+++ Exercise data +++

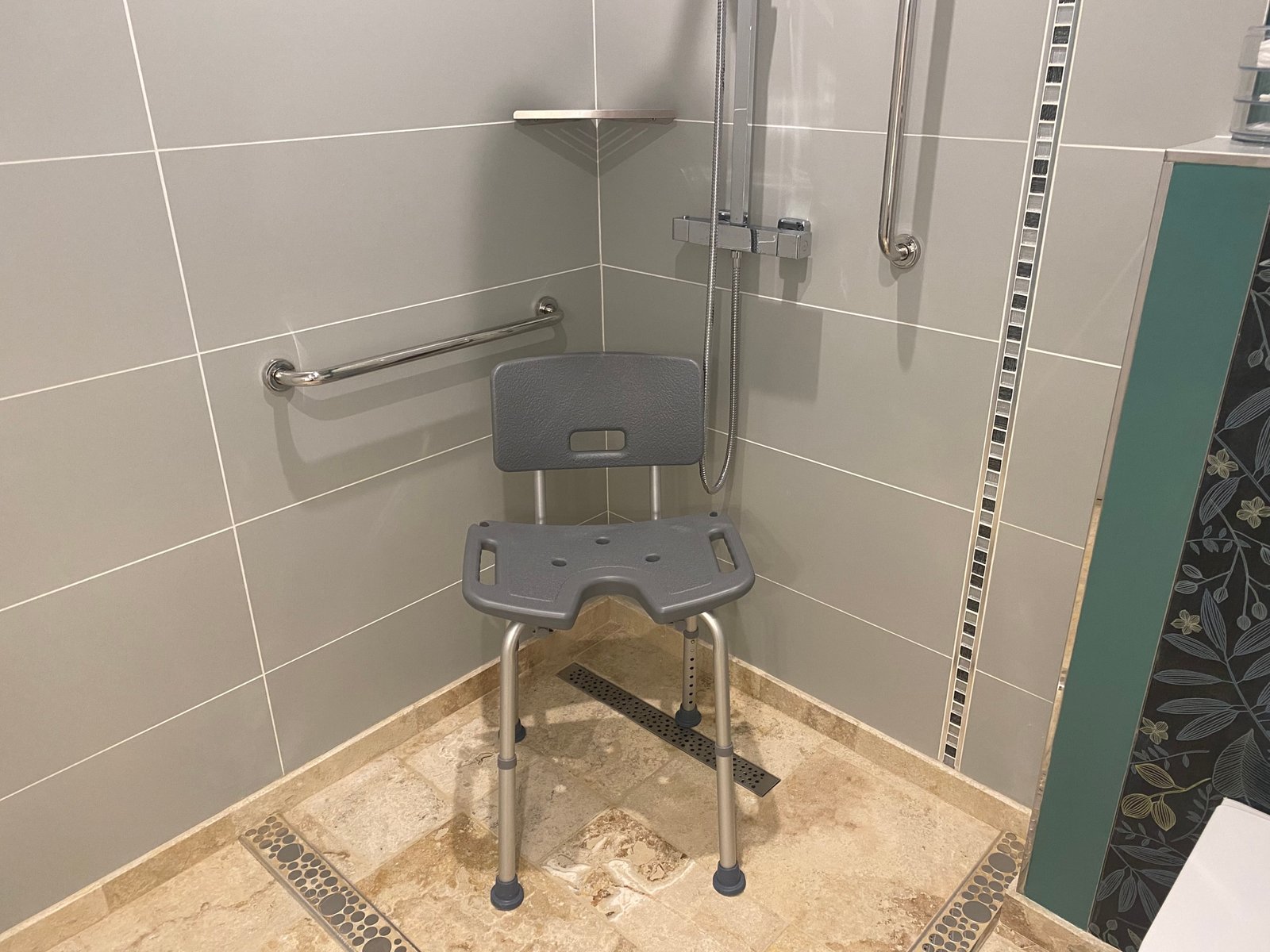 Accessible shower with chair and grab bars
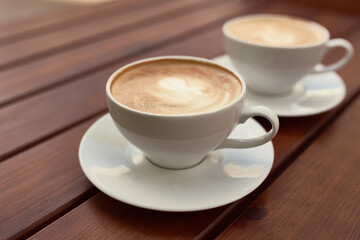 Two cups of cappuccino on the wooden background
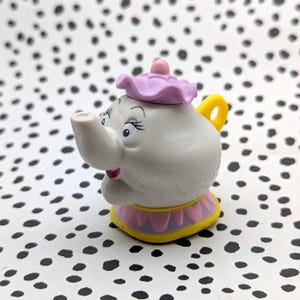 May include: A white teapot with a pink lid and yellow handle. The teapot has a pink and yellow base and a smiling face with blue eyes.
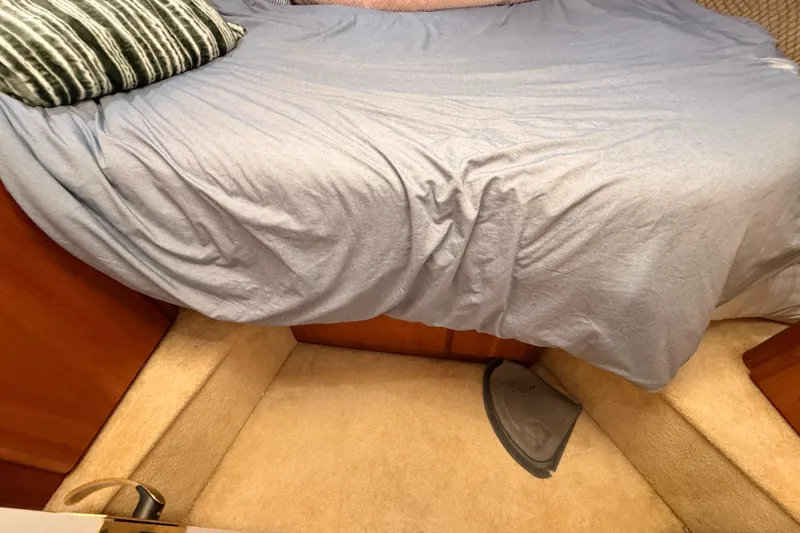 Slide: The Image of Interior cabin of 1998 Silverton 40 Convertible with bed and carpeted floor. - 62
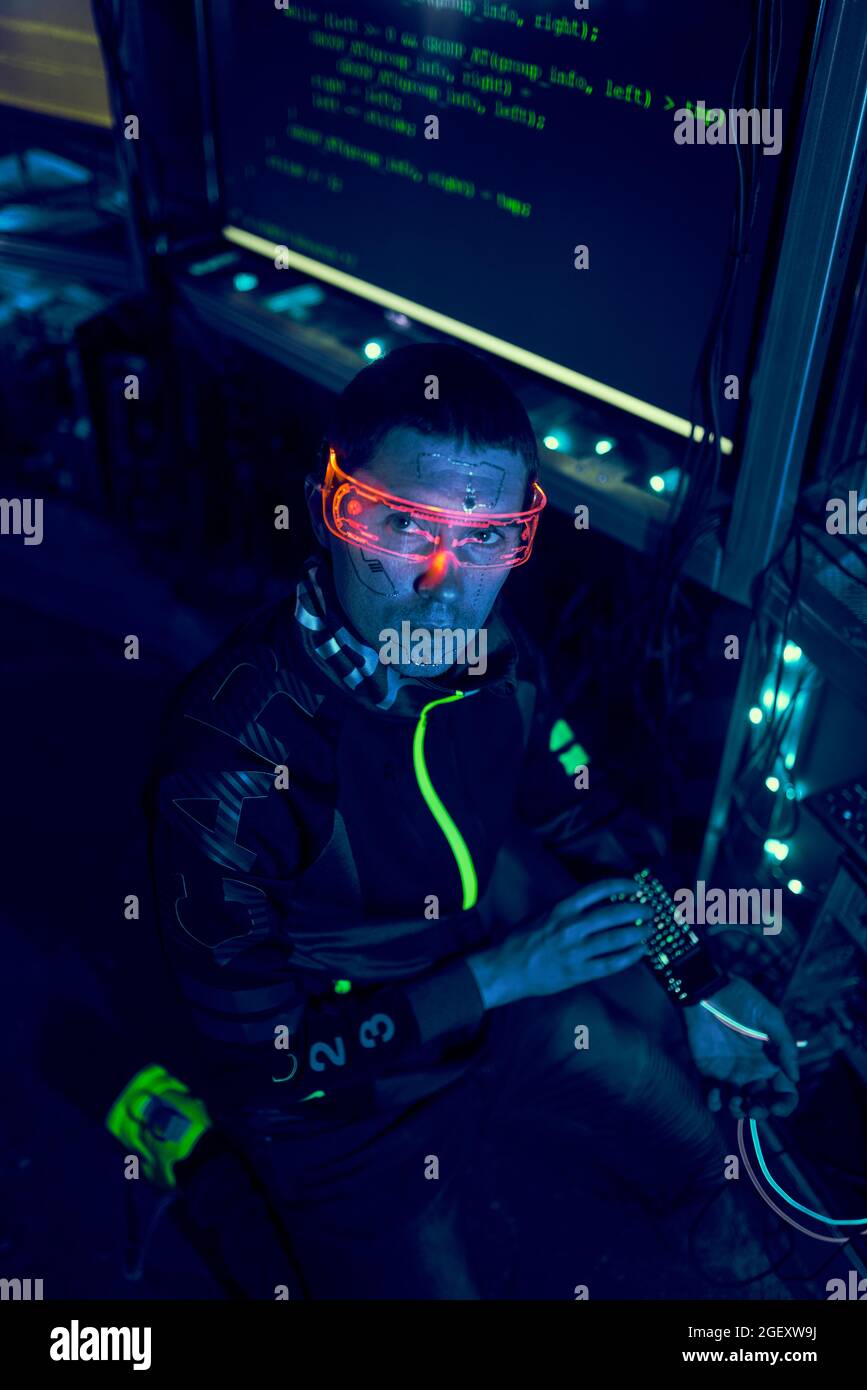 Cyber hacker breaks into databases to obtain information using a computer. Cybercrime and data security concept. Stock Photo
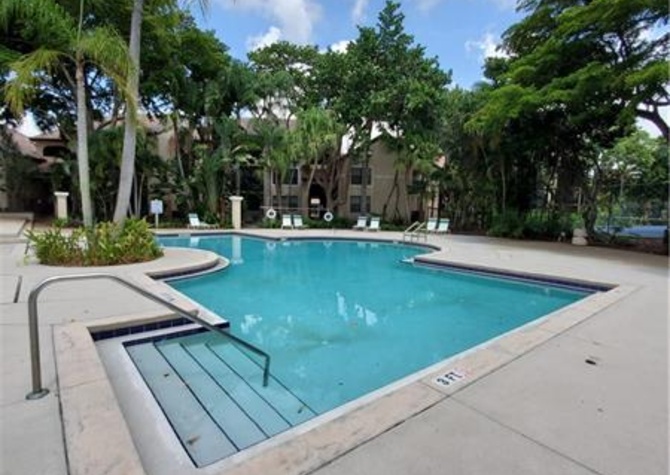Houses Near Modern 1 Bed, 1 Bath Condo at Palm Aire Gardens | Pool & Amenities Included!
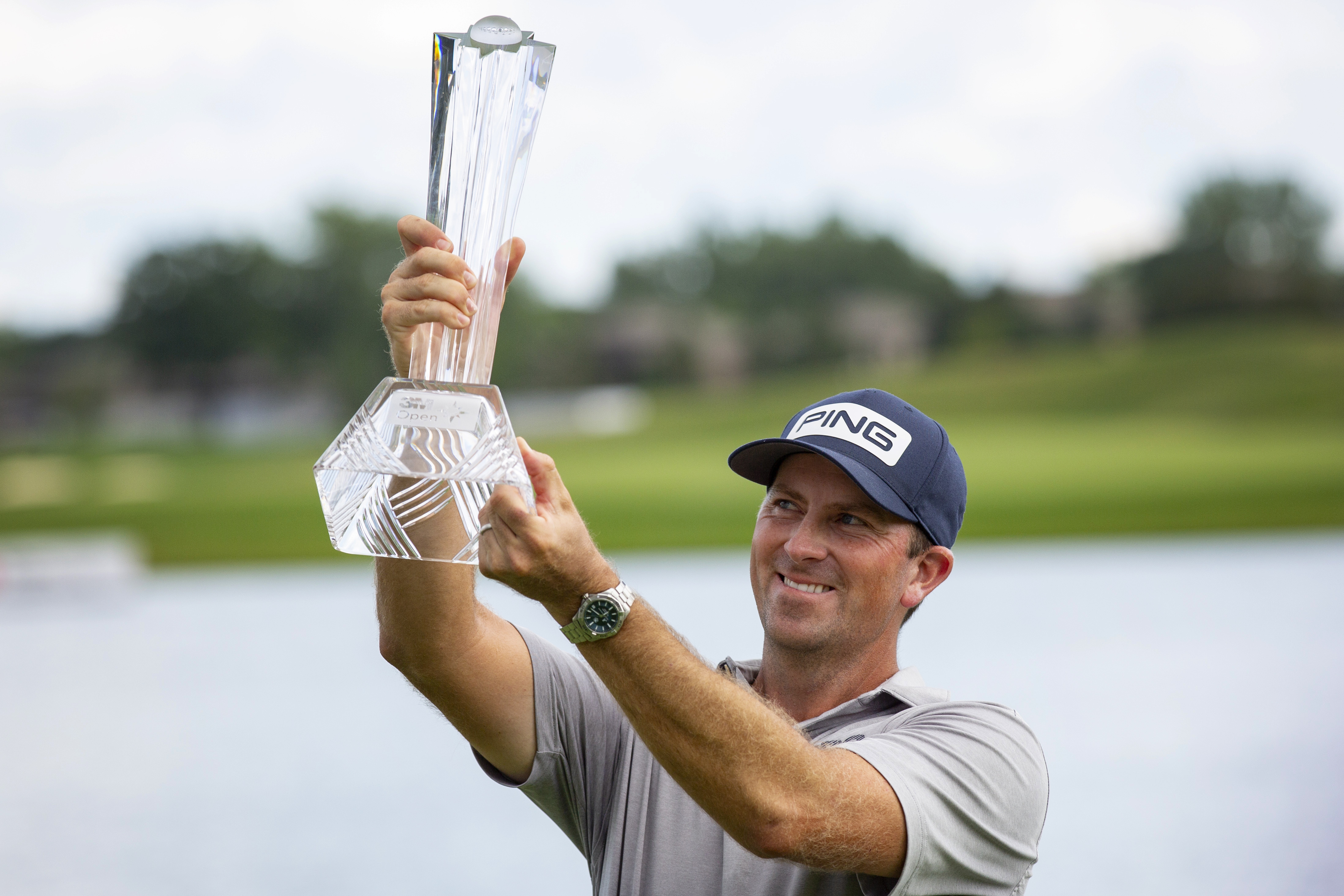 Michael Thompson holds the trophy after winning the 3M Open golf tournament in Blaine, Minn., Sunday, July 26, 2020.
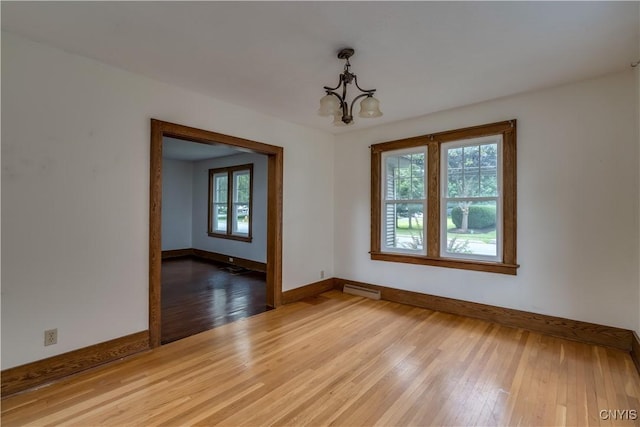 spare room with a chandelier, light hardwood / wood-style flooring, and a baseboard heating unit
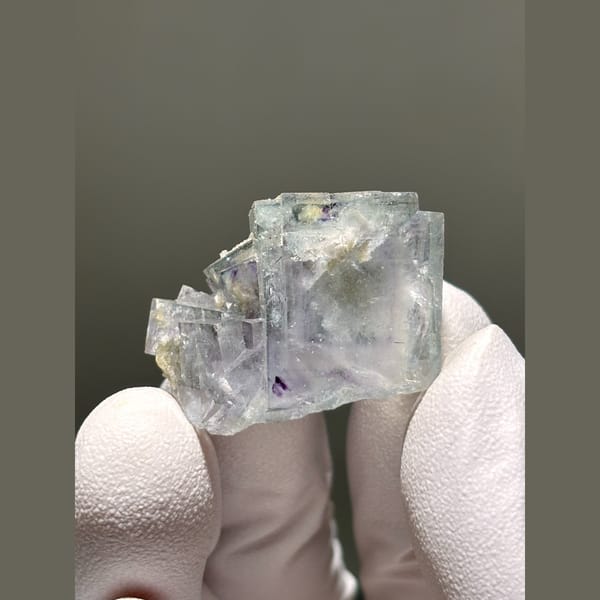 Glassy pale lavender fluorite cube from Yaogangxian — complete view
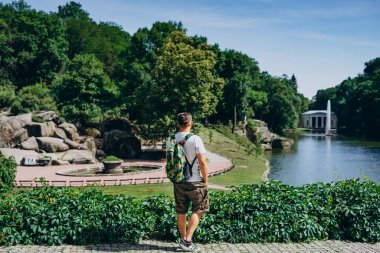 Sofia Park, Ukrayna. Yazın peyzaj parkında sırt çantalı bir adam. Adam bir çeşme ile gölün arka planına sırtını döndü..
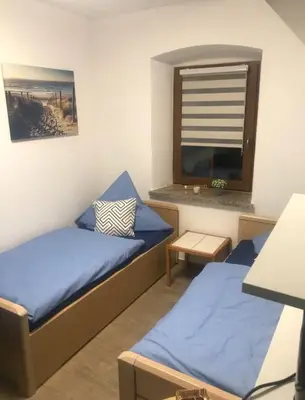 Ein Bett oder Betten in einem Zimmer der Unterkunft Zum Gogerer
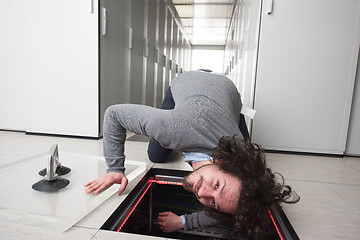 Image showing engineer connecting cables in server room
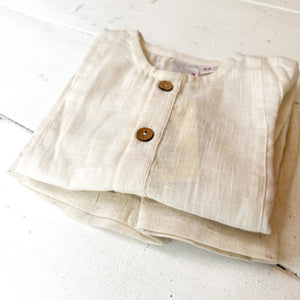 ivory colored shirt and short set, shirt long sleeved with buttons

+++

-- Aim of the exercise --
Would you repeat the entries exactly, but with no pictures?

-- Answer box --
 Accessible shower with chair and grab bars
 Two cups of cappuccino on the wooden background
 May include: A white teapot with a pink lid and yellow handle. The teapot has a pink and yellow base and a smiling face with blue eyes.
 Slide: The Image of Interior cabin of 1998 Silverton 40 Convertible with bed and carpeted floor. - 62
 Cyber hacker breaks into databases to obtain information using a computer. Cybercrime and data security concept. Stock Photo
Houses Near Modern 1 Bed, 1 Bath Condo at Palm Aire Gardens | Pool & Amenities Included!
 Michael Thompson holds the trophy after winning the 3M Open golf tournament in Blaine, Minn., Sunday, July 26, 2020.
 spare room with a chandelier, light hardwood / wood-style flooring, and a baseboard heating unit
 Glassy pale lavender fluorite cube from Yaogangxian — complete view
 Sofia Park, Ukrayna. Yazın peyzaj parkında sırt çantalı bir adam. Adam bir çeşme ile gölün arka planına sırtını döndü..
 Ein Bett oder Betten in einem Zimmer der Unterkunft Zum Gogerer
 Image showing engineer connecting cables in server room
 ivory colored shirt and short set, shirt long sleeved with buttons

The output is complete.